→ **Work instructions**
All of the data that follows is to be written out exactly, with images excluded.

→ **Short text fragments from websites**
►
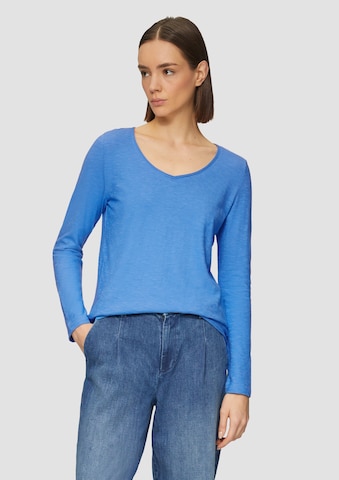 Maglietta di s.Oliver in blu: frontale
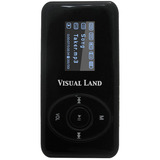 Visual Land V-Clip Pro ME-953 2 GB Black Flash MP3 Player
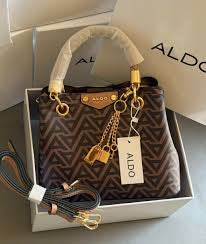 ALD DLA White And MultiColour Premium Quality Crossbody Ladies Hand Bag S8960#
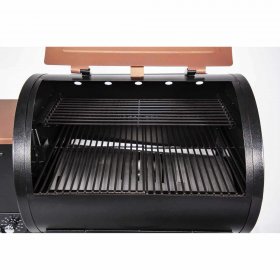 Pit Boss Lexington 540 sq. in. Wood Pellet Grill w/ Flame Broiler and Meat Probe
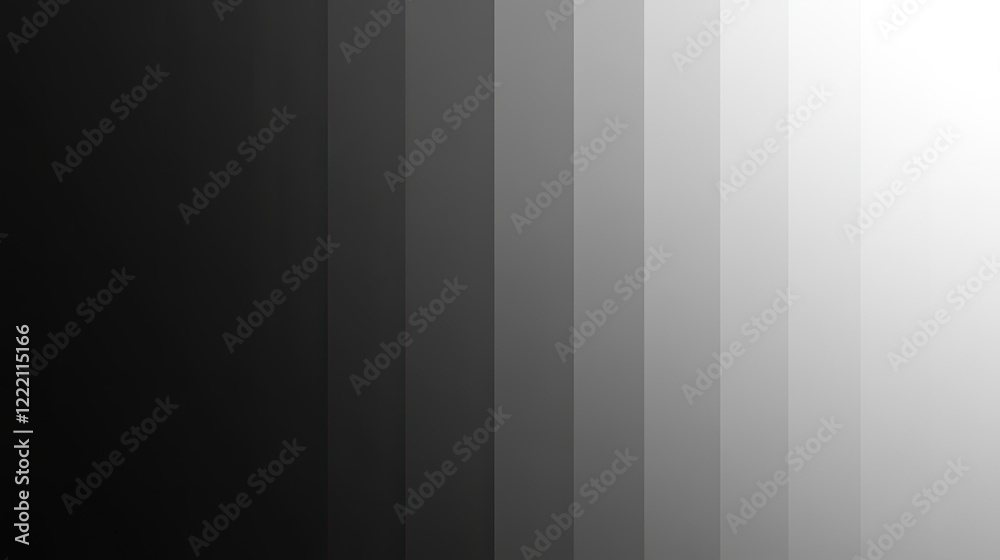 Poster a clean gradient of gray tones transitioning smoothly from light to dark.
◄
→ **Answer to this exercise**
 Maglietta di s.Oliver in blu: frontale
 Visual Land V-Clip Pro ME-953 2 GB Black Flash MP3 Player
 ALD DLA White And MultiColour Premium Quality Crossbody Ladies Hand Bag S8960#
 Pit Boss Lexington 540 sq. in. Wood Pellet Grill w/ Flame Broiler and Meat Probe
 Poster a clean gradient of gray tones transitioning smoothly from light to dark.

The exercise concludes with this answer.